TITLE: Modular-E: A Logic for Assimilating Unexpected Observations Along a Time Line
SPEAKER: Rob Miller, UCL
DATE, TIME AND PLACE: Monday 18 June at 2pm in Room 1.03, UCL Department of Computer Science
Modular-E (ME) is a specialized logic for reasoning about actions and events. It allows the user to express general knowledge about the effects of actions, and then use this knowledge to predict the outcome of a particular series of actions along a time line. The actions in question may be executed concurrently and may be nondeterministic. This talk describes how Modular-E can be extended to that it can also assimilate new knowledge that arrives in the form of observations along the time line, in particular when these observations apparently conflict with its original predictions. The problem of assimilating such observations is sometimes referred to in the AI literature as the "qualification problem". [presentation in pdf format]

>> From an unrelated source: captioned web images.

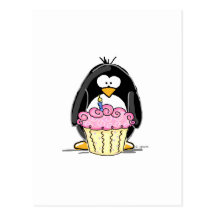 Pingouin d'anniversaire avec le petit gâteau carte postale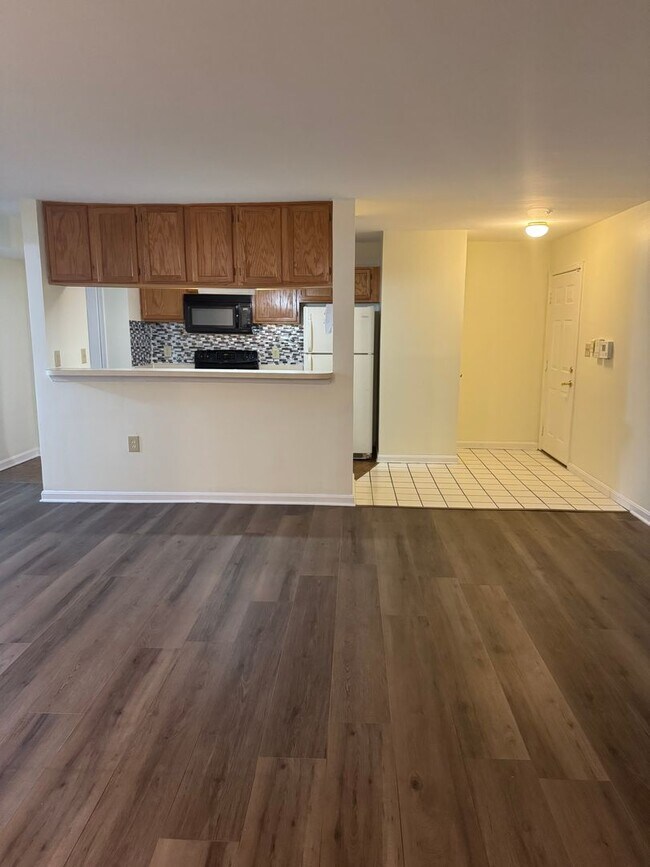 Foto del edificio - Spacious Ground Floor Condo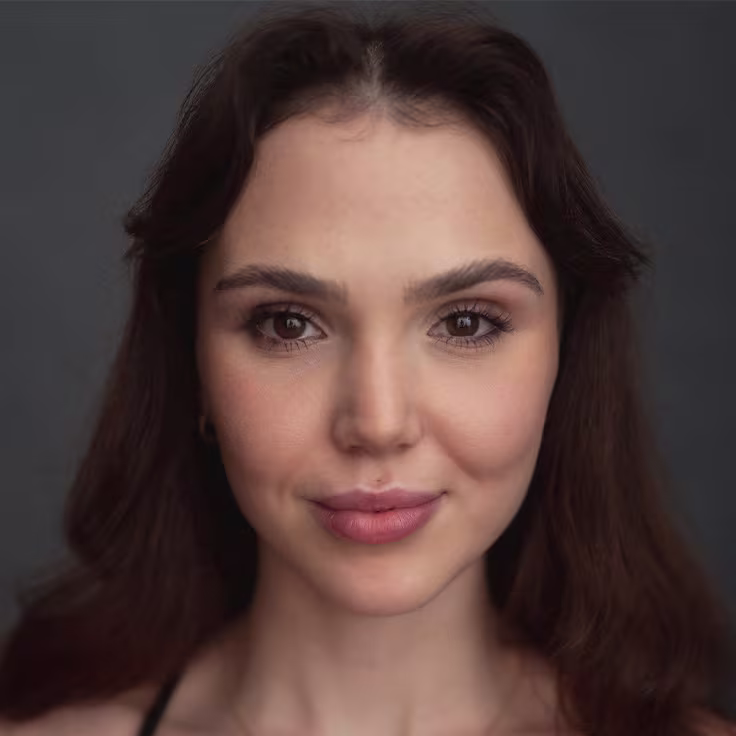 Headshot von Kinky Boots Cast-Mitglied Cerys Burton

TITLE: A Quantitative Trust Model for Negotiating Agents: An Argumentation and Reputation-based Approach
SPEAKER: Jamal Bentahar, Concordia University, Canada
DATE, TIME AND PLACE: Friday 8 June at 2pm in Studio B, Huxley Building, Department of Computing, Imperial College London, 180 Queen's Gate, London SW7 2BZ
In this talk, a quantitative trust model for argumentation-based negotiating agents will be presented. The purpose of such a model is to provide a secure environment for agent negotiation within multi-agent systems. In this model, agents are equipped with reasoning capabilities allowing them to interact with each other using logic-based dialogue games. Also, they can reason about the reputation of each other using their argumentation systems. The reputation is dealt with as a quantitative value computed using a set of parameters based on the interaction histories and the notion of social networks. The formulation, algorithmic description, and computational complexity of this model will be addressed.

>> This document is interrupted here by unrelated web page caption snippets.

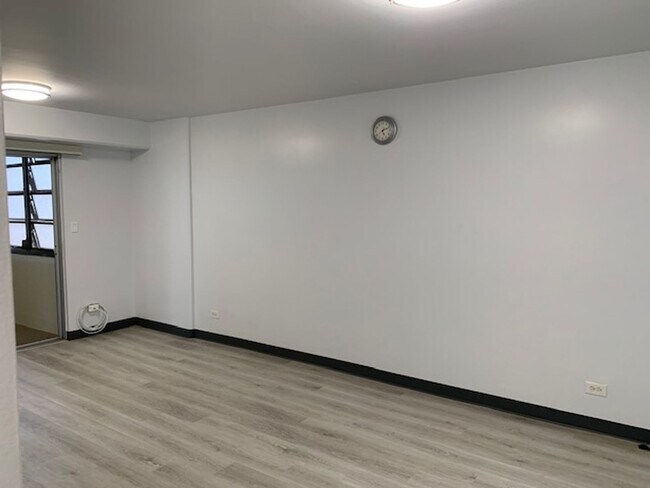 Foto del edificio - 3350 Sierra Dr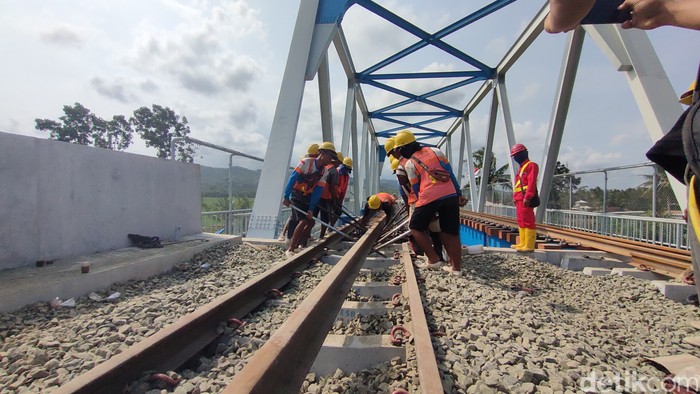 Pembangunan jalur kereta api (KA) Bandara Yogyakarta International Airport (YIA), Kulon Progo, DIY terus dikebut.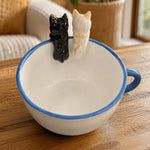 Personalisierte Kaffeetasse für zwei Haustiere mit handgefertigten Haustierfiguren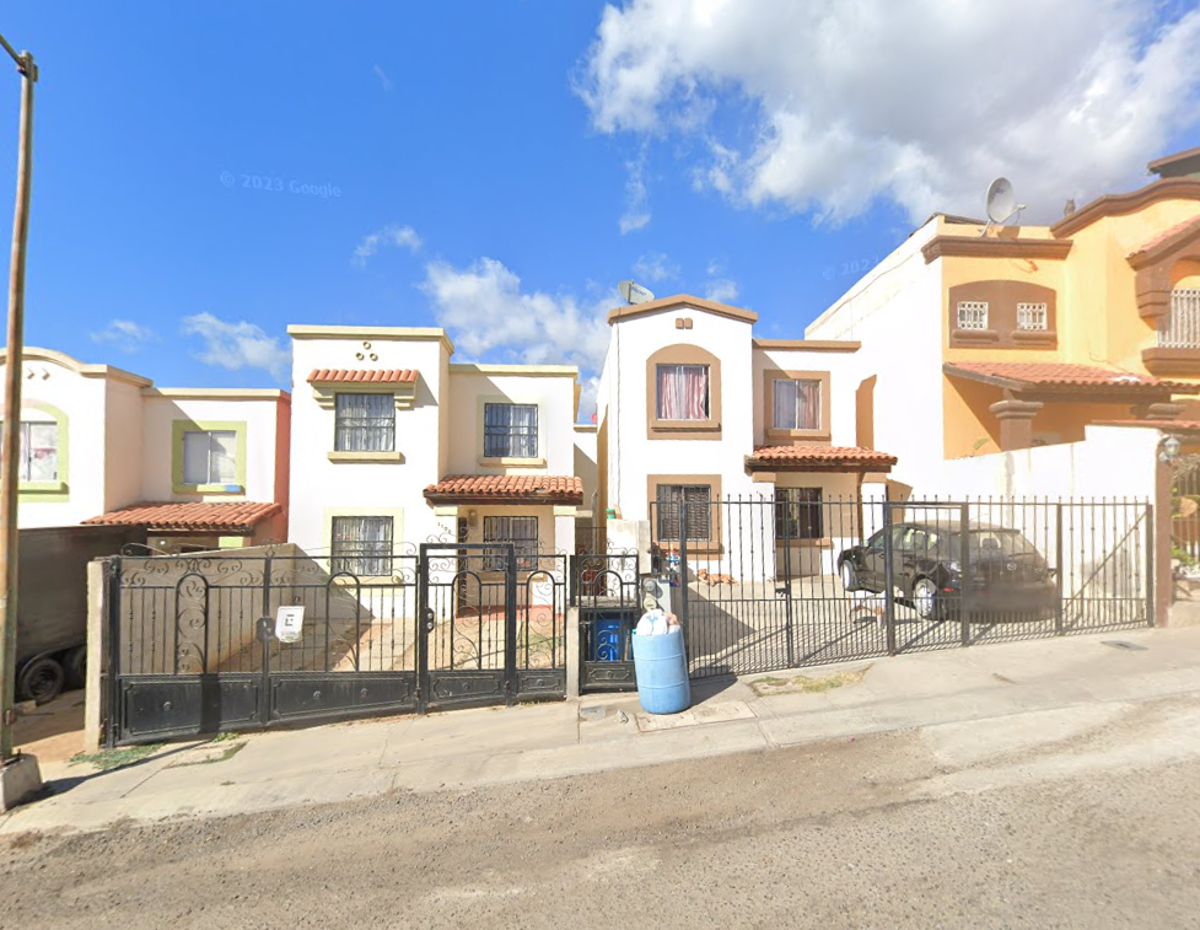 Casa en venta en Villa Residencial del Prado, Ensenada — foto 1 de 28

TITLE: Argumentation Framework for Decision Making
SPEAKER: Maxime Morge, Pisa University
DATE, TIME AND PLACE: Friday 30 March at 12 noon in Room 343 Huxley Building, Department of Computing, Imperial College London, 180 Queen's Gate, London SW7 2BZ
Since a decision can be resolved by confronting and evaluating the justifications of different positions, argumentation can support such a process. This is the reason why many works in the area of Artificial Intelligence focus on computational models of argumentation. In particular, nonmonotonic logic techniques have been used as a model with hierarchies of possibly conflicting rules. However, even if modern techniques are used, this logical approach is still limited to the epistemic reasoning. The point is that a decision is not limited to draw conclusions. For this purpose, we propose an argumentation framework for practical reasoning. A logic language is used as a concrete data structure for holding the statements like knowledge, goals, actions. Different priorities are attached to these items corresponding to the user's preferences, the likelihood of the knowledge and the credibility of alternatives. These concrete data structures consist of information providing the backbone of arguments. Due to the abductive nature of decision making, arguments are built by reasoning backwards. Moreover, arguments are defined as tree-like structures. In this way, our framework suggests some solutions and provides an intelligible explanation of this choice.
This work is supported by the Sixth Framework IST programme of the EC, under the 035200 ARGUGRID project.